In this study, the linear correlation coefficient of plots (R ²) was closer to 1 in Kissinger method, in comparison with Ozawa and modified Kissinger approaches. Therefore, Kissinger method is more suitable for the study of these samples. Despite the difference in the amount of activation energy in all three models, the results are nearly same. (see Fig. 4; Table 1). The difference in the amount of ΔE may be due to differences in determining the exact amount of T _x and T _cr. In general, the crystallization activation energy calculated from Kissinger’s model is more accurate and the trend of activation energy values is similar in all of Ozawa, Kissinger and Avrami methods. All three methods are physically equivalent and have a good validation for the crystallization process. The sample S5 shows a sharp decrease in the crystallization activation energy, which can be attributed to the increase in non-bridging oxygens (NBOs); this means an increase in glass fragility. To certify the above statements and in comparison between the results of S0 and S5, one can observe that although the crystallization temperature increases, the activation energy decreased and S5 has the minimum activation energy among the other samples; it seems that one can attribute this result to the molar volume of the present glasses (taken from ref. [26]); as listed in Table 1, S5 has maximum molar volume, denoting its more opening and loose structure, probably due to dangling bonds and NBOs affecting the thermal properties.
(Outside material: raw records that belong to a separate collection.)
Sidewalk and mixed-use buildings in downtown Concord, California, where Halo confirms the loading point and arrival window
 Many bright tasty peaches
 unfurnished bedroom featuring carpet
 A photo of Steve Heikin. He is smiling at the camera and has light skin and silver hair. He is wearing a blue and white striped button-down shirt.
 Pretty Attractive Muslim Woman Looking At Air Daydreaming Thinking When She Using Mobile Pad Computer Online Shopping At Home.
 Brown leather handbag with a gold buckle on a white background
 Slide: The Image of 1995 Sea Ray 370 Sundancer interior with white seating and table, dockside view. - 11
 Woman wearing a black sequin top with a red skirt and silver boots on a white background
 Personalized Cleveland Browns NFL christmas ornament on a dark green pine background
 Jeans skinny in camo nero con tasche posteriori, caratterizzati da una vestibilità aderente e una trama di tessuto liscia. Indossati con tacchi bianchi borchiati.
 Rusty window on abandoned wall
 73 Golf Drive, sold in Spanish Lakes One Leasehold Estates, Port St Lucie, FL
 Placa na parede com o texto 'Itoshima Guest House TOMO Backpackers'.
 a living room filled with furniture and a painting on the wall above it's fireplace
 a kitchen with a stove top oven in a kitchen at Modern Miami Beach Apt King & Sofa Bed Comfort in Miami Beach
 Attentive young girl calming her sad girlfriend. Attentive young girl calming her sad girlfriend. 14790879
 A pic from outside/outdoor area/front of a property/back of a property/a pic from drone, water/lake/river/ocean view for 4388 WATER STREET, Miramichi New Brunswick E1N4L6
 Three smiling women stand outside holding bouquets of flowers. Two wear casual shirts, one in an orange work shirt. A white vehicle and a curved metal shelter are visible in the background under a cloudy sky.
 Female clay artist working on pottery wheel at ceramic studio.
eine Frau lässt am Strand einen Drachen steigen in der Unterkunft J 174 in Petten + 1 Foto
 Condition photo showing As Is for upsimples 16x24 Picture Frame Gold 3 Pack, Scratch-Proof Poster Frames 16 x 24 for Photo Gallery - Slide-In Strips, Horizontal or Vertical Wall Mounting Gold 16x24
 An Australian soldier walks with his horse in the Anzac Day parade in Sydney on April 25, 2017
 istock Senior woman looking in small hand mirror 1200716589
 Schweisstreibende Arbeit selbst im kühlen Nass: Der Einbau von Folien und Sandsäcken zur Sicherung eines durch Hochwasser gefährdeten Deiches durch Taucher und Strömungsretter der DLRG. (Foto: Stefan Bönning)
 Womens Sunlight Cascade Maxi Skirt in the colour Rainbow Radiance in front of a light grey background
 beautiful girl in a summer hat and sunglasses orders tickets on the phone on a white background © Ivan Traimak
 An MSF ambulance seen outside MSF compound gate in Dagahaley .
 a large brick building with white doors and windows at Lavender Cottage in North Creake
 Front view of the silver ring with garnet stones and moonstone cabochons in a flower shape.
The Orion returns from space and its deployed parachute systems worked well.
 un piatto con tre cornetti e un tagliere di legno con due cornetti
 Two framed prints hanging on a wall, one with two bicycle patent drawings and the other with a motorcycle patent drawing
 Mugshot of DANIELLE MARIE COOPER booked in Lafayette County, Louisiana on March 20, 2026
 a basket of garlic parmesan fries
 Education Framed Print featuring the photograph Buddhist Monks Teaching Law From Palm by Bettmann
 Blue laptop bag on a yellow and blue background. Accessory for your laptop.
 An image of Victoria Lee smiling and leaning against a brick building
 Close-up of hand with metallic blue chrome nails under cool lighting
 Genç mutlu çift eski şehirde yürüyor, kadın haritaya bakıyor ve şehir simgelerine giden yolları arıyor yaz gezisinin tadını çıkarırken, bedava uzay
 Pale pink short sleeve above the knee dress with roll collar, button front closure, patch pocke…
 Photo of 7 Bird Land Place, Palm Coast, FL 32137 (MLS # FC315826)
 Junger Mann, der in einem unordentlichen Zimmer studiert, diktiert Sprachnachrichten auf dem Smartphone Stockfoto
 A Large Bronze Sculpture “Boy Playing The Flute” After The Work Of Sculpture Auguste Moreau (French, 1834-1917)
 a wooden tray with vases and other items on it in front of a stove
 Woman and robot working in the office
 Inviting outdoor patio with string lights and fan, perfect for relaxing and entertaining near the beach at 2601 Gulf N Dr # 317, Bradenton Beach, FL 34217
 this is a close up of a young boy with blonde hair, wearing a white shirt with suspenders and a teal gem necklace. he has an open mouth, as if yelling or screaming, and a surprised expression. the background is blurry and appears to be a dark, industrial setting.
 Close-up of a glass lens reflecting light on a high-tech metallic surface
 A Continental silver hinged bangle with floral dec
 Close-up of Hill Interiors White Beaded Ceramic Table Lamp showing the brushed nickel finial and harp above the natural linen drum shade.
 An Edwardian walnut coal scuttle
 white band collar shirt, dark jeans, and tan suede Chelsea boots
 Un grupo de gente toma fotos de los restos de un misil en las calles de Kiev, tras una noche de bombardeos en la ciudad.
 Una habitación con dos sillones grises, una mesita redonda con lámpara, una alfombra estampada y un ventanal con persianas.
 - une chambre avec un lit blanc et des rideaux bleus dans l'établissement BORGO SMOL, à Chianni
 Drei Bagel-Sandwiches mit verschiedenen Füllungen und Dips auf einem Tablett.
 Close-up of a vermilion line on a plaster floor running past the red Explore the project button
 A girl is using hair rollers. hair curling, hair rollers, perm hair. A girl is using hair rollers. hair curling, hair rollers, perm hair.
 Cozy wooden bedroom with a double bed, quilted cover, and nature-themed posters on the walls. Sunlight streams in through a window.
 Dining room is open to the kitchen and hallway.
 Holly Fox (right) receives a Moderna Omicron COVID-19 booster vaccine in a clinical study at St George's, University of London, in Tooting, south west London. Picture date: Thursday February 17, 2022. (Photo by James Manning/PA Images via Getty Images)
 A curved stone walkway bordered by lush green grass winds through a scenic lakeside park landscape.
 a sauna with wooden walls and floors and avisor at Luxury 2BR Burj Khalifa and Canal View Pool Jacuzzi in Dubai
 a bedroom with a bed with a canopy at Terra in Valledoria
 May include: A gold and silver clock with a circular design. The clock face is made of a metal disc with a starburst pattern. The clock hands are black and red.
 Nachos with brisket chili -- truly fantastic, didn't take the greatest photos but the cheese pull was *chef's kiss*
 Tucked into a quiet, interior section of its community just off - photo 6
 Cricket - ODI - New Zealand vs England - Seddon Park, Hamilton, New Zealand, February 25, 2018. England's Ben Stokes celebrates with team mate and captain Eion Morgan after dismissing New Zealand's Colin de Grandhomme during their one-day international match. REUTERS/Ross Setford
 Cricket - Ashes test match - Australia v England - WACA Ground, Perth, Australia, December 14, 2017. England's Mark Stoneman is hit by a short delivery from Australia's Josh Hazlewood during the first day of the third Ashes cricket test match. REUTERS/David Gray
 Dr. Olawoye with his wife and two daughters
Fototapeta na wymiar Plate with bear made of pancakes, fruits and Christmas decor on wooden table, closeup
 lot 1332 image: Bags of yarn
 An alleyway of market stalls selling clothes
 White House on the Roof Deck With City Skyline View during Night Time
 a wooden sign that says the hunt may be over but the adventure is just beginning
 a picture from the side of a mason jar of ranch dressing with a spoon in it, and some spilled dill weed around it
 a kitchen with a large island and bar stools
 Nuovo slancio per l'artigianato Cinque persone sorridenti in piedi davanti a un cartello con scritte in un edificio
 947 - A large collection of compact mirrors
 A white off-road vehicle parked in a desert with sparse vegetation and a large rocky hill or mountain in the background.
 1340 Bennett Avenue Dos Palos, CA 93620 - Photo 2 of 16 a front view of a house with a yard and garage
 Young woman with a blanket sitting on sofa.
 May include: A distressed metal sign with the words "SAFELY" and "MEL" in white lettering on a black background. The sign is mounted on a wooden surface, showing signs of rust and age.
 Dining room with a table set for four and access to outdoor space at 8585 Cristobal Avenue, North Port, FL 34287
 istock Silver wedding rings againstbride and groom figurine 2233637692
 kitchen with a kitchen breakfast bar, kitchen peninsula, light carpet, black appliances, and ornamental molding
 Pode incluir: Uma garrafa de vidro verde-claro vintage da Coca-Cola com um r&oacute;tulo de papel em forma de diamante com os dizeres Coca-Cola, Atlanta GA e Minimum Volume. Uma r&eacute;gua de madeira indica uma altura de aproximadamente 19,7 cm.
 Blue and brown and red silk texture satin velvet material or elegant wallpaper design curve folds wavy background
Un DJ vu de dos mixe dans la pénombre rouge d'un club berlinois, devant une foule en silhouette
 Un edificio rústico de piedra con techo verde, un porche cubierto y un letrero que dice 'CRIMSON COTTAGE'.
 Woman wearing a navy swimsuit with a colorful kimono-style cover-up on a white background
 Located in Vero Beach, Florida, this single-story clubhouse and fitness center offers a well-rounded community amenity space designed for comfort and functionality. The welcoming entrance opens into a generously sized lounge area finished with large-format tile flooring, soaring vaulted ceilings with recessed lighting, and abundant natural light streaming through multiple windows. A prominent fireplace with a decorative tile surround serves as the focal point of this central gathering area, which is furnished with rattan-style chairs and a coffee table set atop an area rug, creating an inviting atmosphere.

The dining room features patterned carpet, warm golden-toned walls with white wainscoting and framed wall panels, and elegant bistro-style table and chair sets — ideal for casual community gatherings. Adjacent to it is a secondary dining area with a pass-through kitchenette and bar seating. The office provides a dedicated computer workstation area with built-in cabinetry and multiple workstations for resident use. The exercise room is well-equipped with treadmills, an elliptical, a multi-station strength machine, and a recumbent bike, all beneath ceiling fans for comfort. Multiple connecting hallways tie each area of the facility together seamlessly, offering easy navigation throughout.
Also, according to the data from Table 1, samples S8 and especially S10 have the highest thermal stability and crystallization activation energy; thus, S10 has the highest stability and so lowest fragility.

Conclusions

From the investigation of glass transition temperature, the temperature corresponding to the onset of crystallization (T _x), melting temperature (T _m) crystallization temperature (T _Cr) at the different heating rates (φ), thermal stability (ΔT = T _cr − T _g), the crystallization activation energy from Kissinger method (ΔE _Kissinger), the crystallization activation energy from Ozawa method (ΔE _Ozawa), Avrami index (n) and the crystallization activation energy from modified Kissinger (Avrami) method (ΔE _Avrami) of (60 − x)V₂O₅–40TeO₂–xSb₂O₃ Ternary glasses, one can present the following conclusions:

1. 1.

   The samples are amorphous in nature.

2. 2.

   Glass with x = 10 has the highest thermal stability and glass-forming tendency, the lowest fragility and so has very good resistance against thermal attacks; also, the glass S8 has relatively good stability.

3. 3.

   The sample S5 shows a sharp decrease in the crystallization activation energy, which can be a result of the increase in non-bridging oxygens.

4. 4.

   The crystallization activation energy calculated from Kissinger’s model is more accurate, and the trend of activation energy values is similar in all of Ozawa, Kissinger and modified Kissinger (Avrami) methods.

5. 5.

   According to the results, the amount of the Avrami index was 0.830 ≤ n ≤ 1.432 and activation energy obtained in this way is 85.69 kJ mol⁻¹ ≤ ΔE _Avrami ≤ 115.872 kJ mol⁻¹, respectively.

6. 6.

   The n values show this value is close to n = 1 which is characteristic for one-dimensional or surface crystallization growth.